Work instruction
Starting at the line that contains "Philadelphia Eagles 2025" and ending at the line that contains "Bluza polarowa w kolorze miętowym", the lines below are to be given again exactly, with nothing added.

Dataset extract

· · · ·

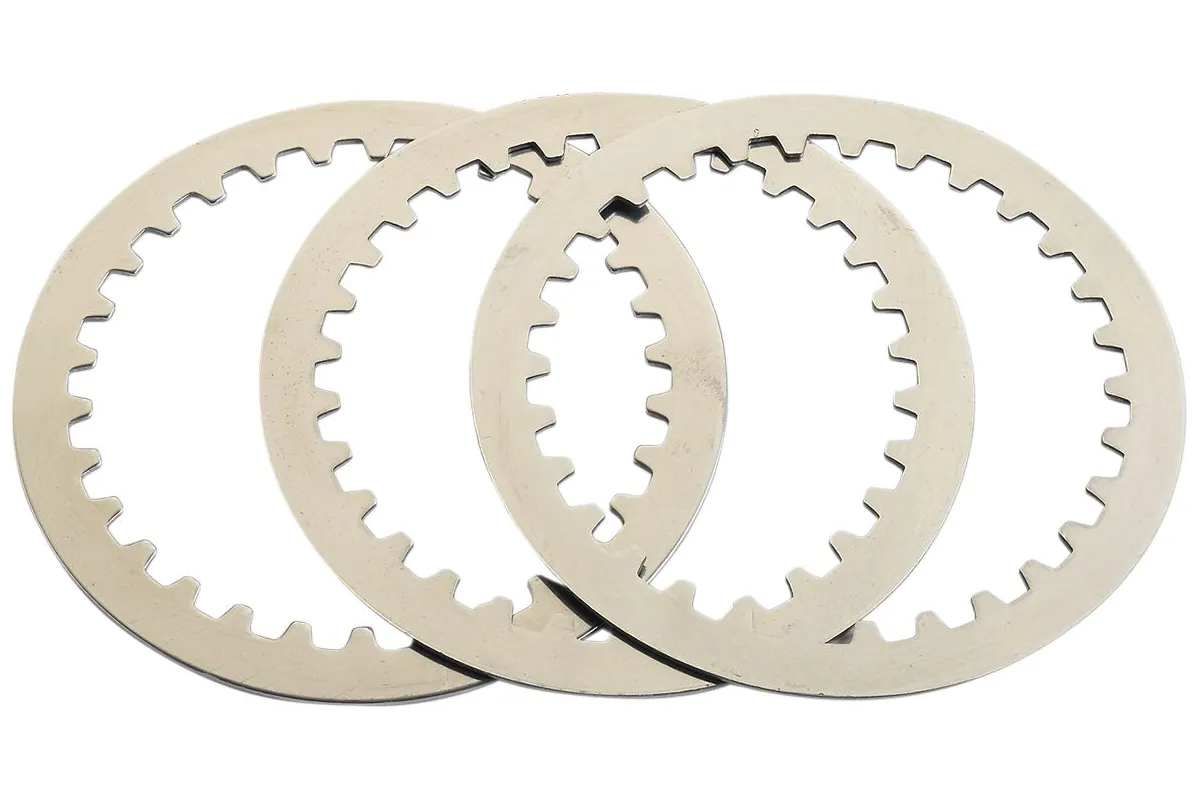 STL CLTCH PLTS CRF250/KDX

· · · ·

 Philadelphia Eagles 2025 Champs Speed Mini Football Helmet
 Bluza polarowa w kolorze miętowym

· · · ·

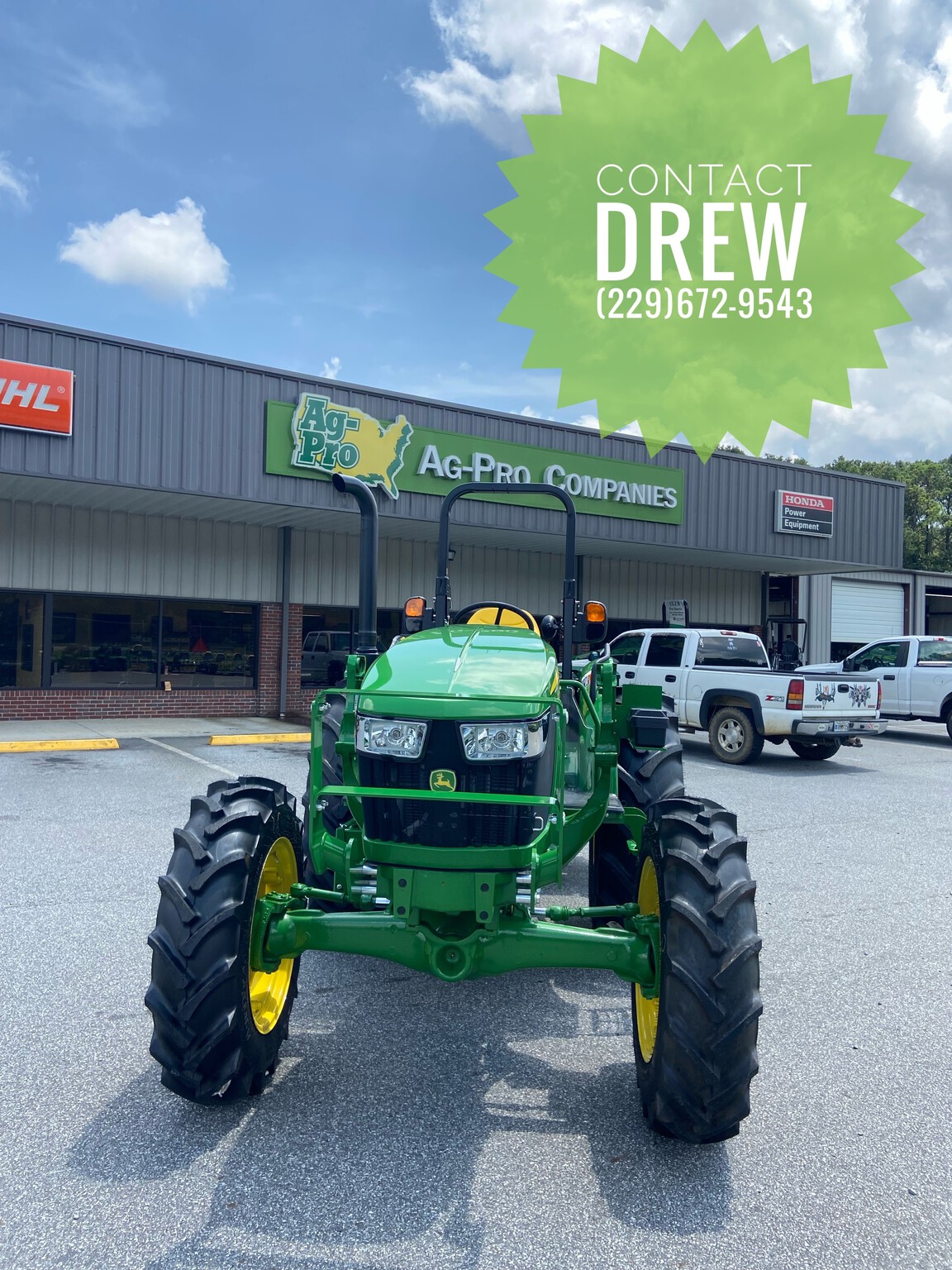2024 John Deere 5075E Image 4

· · · ·

The answer
 Philadelphia Eagles 2025 Champs Speed Mini Football Helmet
 Bluza polarowa w kolorze miętowym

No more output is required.